__Exercise directions__: From the listing below, restate word for word the lines from the line containing "6940 Roswell Road Unit 5d, Sandy" down through the line containing "Procurador-geral da Rep&uacute;blica". Exclude pictures.

__Given information__:
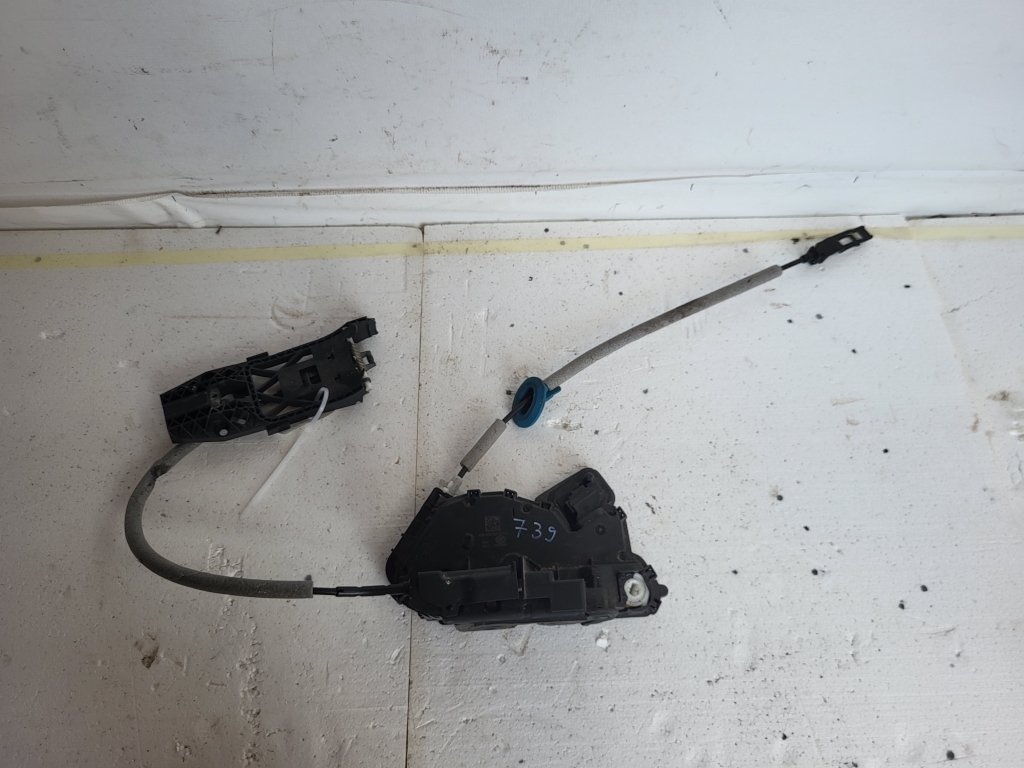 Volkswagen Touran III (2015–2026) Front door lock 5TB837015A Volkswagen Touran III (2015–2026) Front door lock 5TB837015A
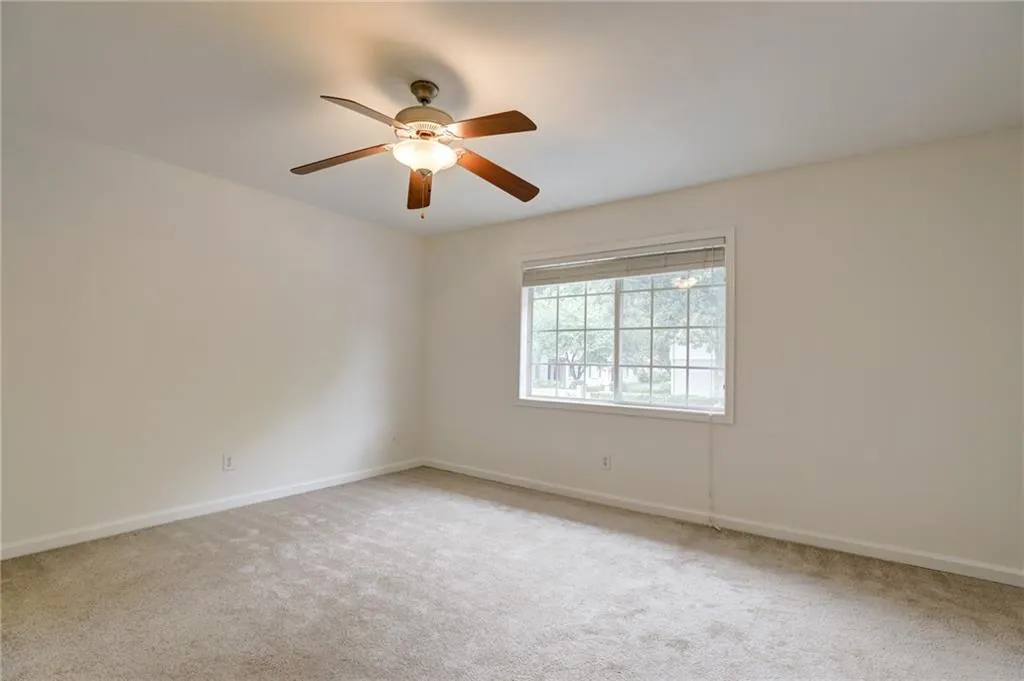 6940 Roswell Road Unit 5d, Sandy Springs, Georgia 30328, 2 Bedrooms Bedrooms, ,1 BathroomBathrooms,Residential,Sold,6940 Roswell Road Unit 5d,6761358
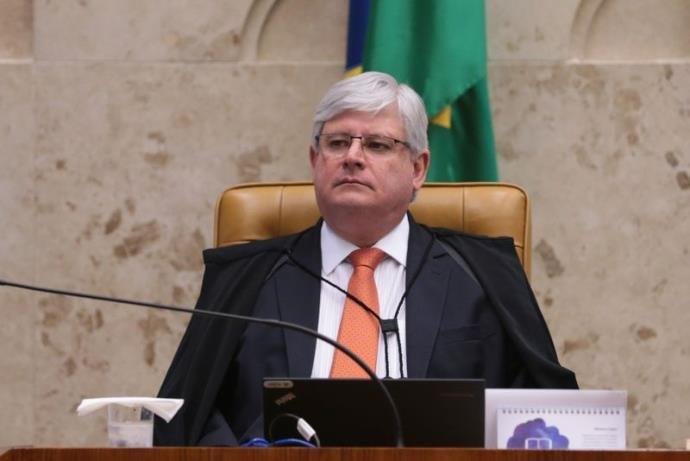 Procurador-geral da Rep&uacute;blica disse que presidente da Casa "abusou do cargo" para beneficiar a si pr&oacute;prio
--
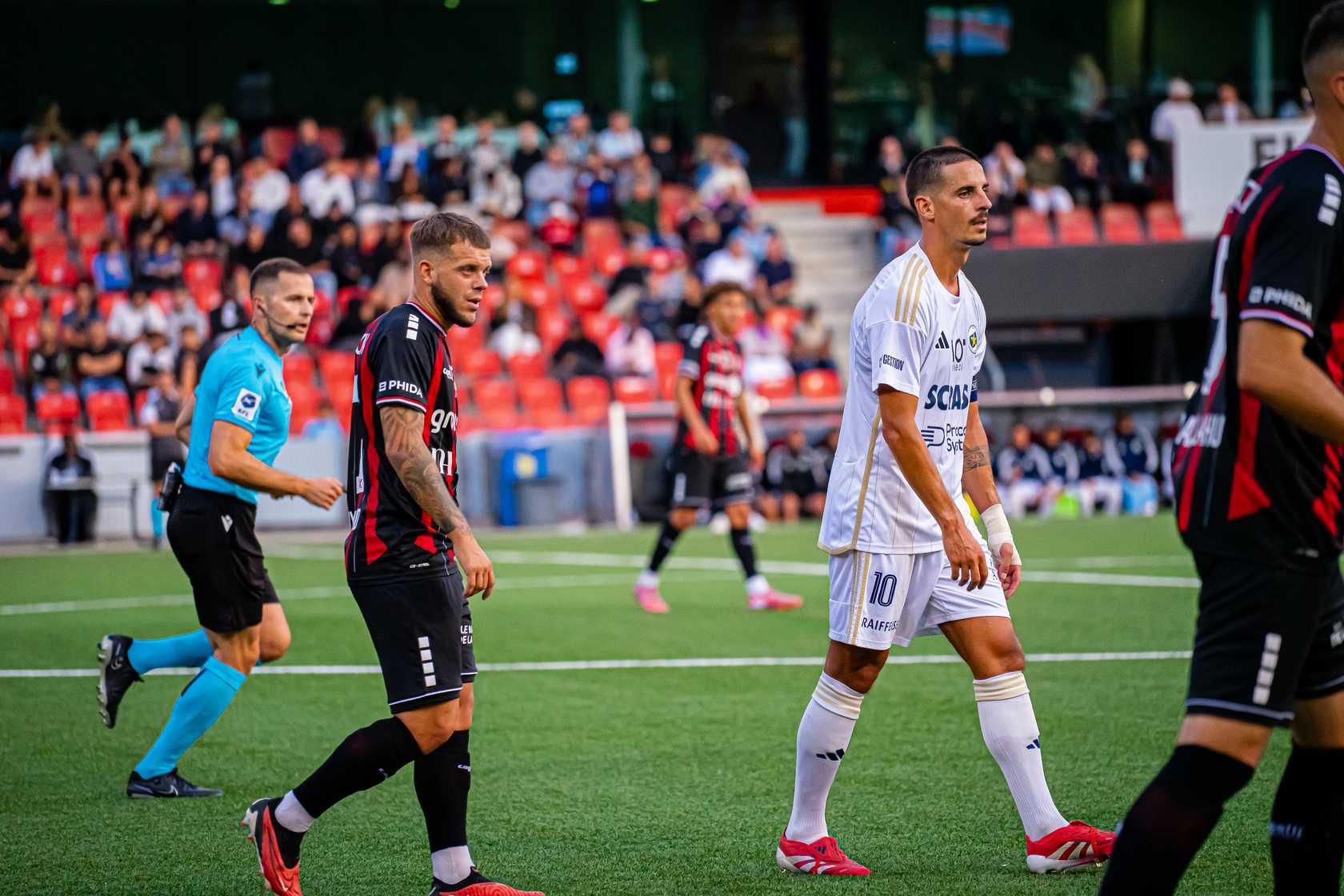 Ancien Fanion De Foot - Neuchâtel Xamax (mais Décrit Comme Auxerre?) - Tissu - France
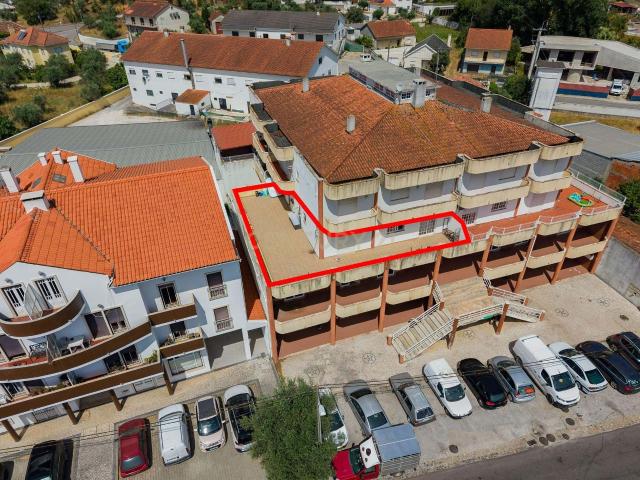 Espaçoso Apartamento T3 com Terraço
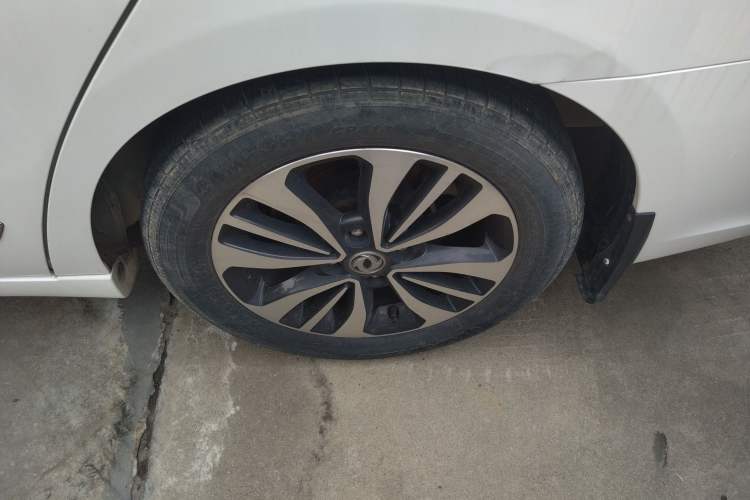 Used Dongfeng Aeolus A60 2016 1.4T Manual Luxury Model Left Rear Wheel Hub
--
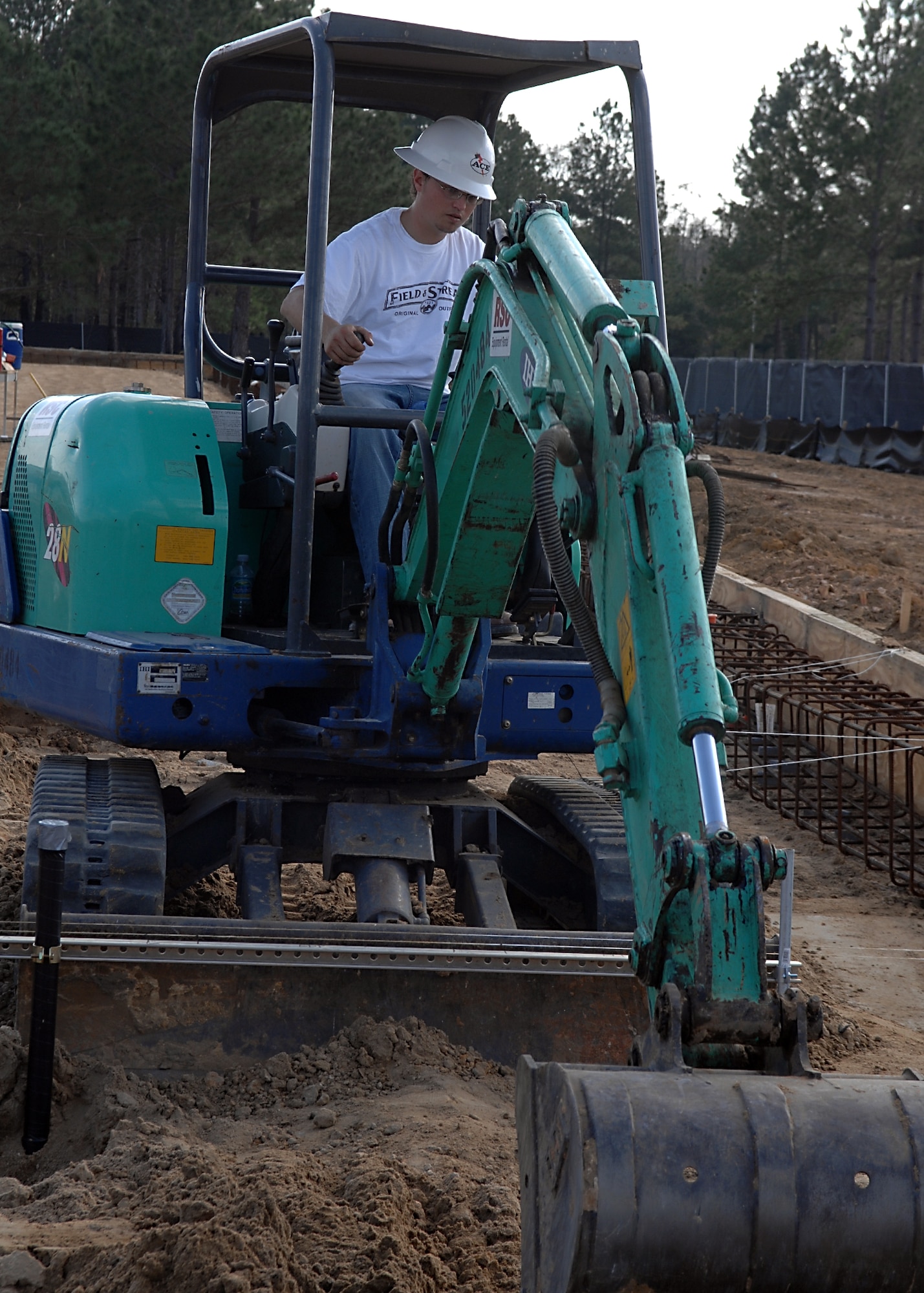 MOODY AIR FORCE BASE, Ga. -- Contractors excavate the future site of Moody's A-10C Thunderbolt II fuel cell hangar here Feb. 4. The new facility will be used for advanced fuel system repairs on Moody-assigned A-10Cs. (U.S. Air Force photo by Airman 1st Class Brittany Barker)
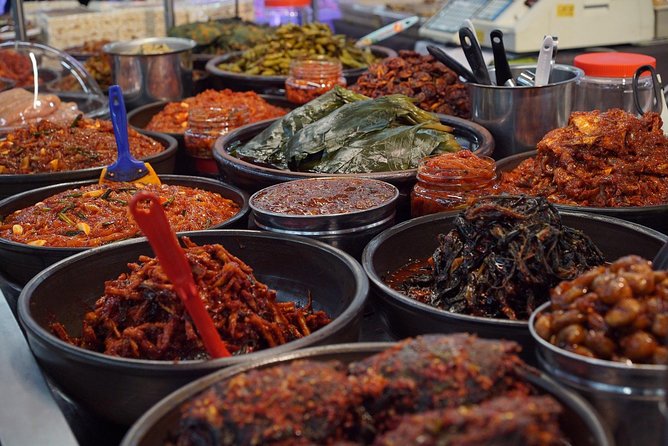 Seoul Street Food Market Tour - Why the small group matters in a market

__Answer section__:
 6940 Roswell Road Unit 5d, Sandy Springs, Georgia 30328, 2 Bedrooms Bedrooms, ,1 BathroomBathrooms,Residential,Sold,6940 Roswell Road Unit 5d,6761358
 Procurador-geral da Rep&uacute;blica disse que presidente da Casa "abusou do cargo" para beneficiar a si pr&oacute;prio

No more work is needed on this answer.